Repeat the data word for word, excluding every picture.
(DATA EXTRACT begins)
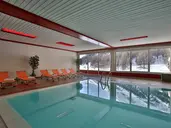 Sporthotel Kurzras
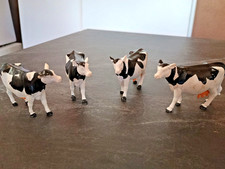 Britain's classic/vintage farm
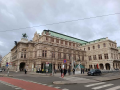 Βιέννη (Vienna)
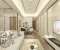 E_View03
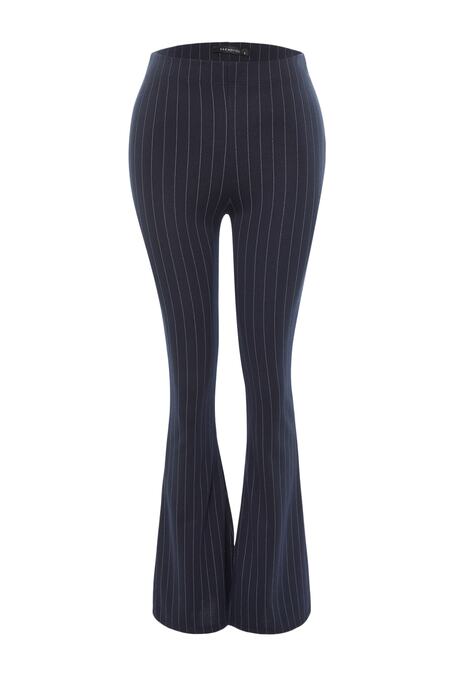 ساپورت روزمره زنانه  میلا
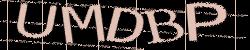 BotDetect CAPTCHA Electric PHP Captcha Library image style screenshot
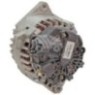 ALV6564 Alternatör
(DATA EXTRACT ends)
- _COMPLETED TASK_
 Sporthotel Kurzras
 Britain's classic/vintage farm
 Βιέννη (Vienna)
 E_View03
 ساپورت روزمره زنانه  میلا
 BotDetect CAPTCHA Electric PHP Captcha Library image style screenshot
 ALV6564 Alternatör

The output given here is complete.